▶ [YOUR OBJECTIVE]: The copy you give must match the listing below exactly and contain no pictures.

▶ [SUPPLIED DATA]:

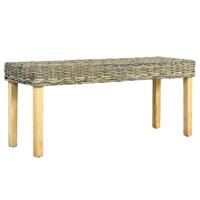 Bankje 110 cm natuurlijk kubu rattan en massief mahoniehout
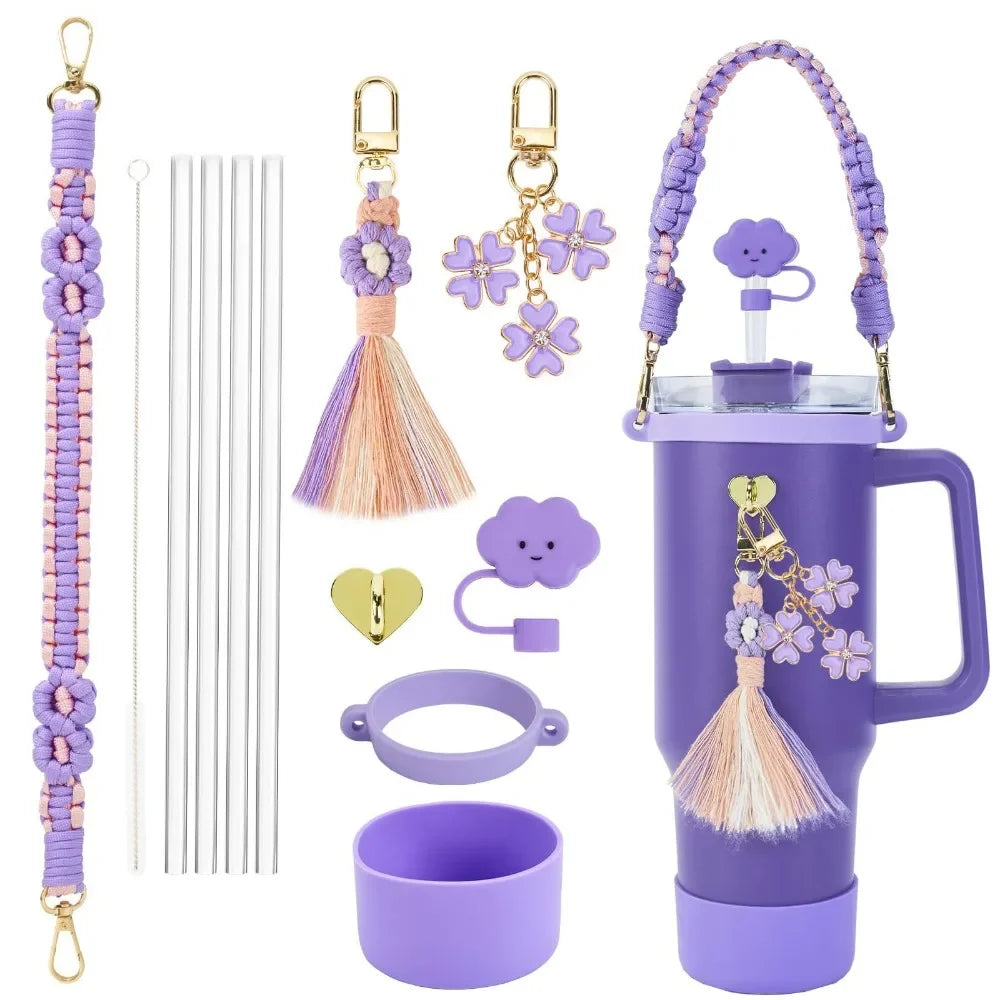 Water Bottle & Cup Accessories for Stanley Cup Accessory Set Hand-made Straw Cap Case Charm Chain Pendant Cup Cover Party Gift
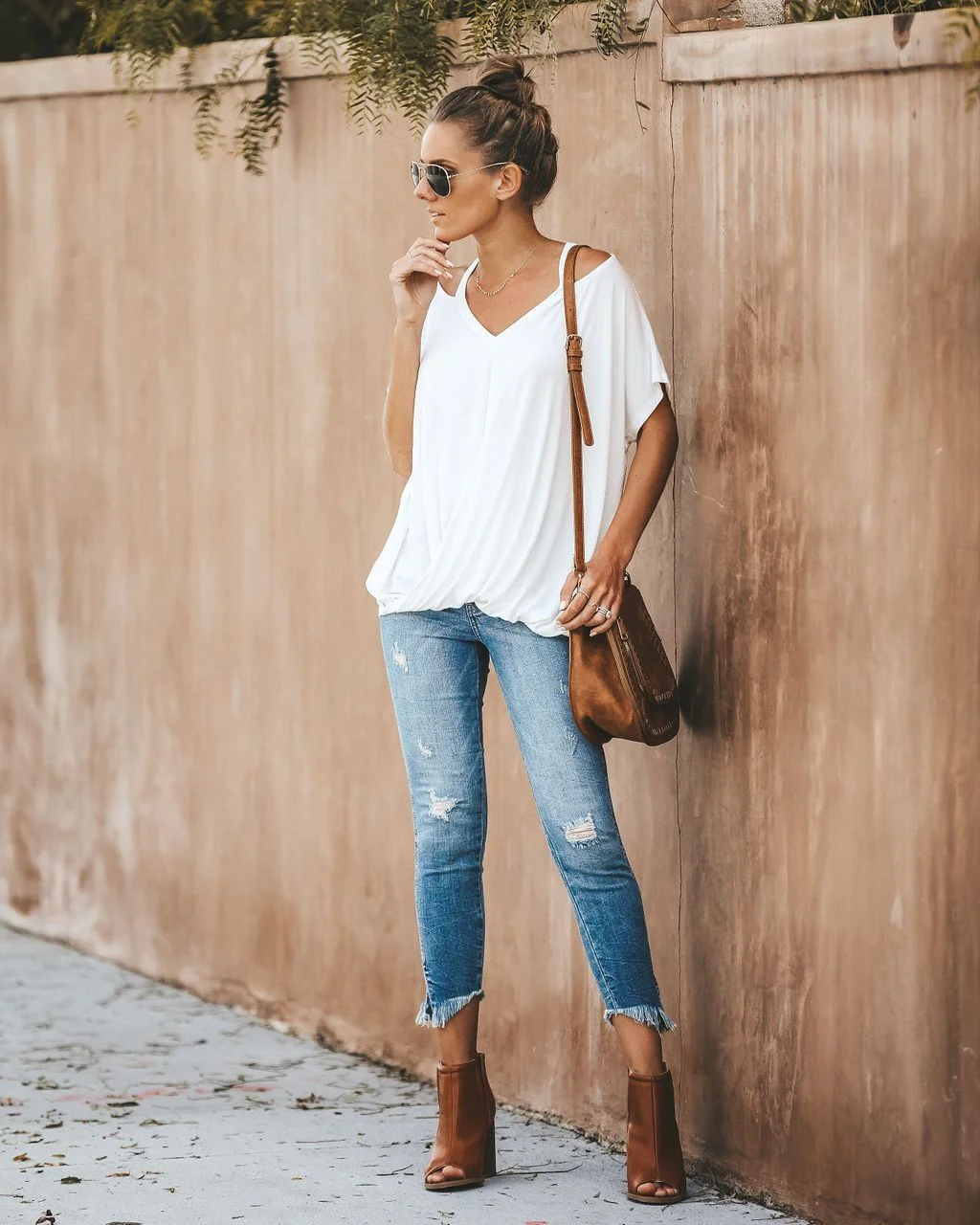 Halter Loose Solid Color T-shirt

▶ [TASK OUTPUT]:
 Bankje 110 cm natuurlijk kubu rattan en massief mahoniehout
 Water Bottle & Cup Accessories for Stanley Cup Accessory Set Hand-made Straw Cap Case Charm Chain Pendant Cup Cover Party Gift
 Halter Loose Solid Color T-shirt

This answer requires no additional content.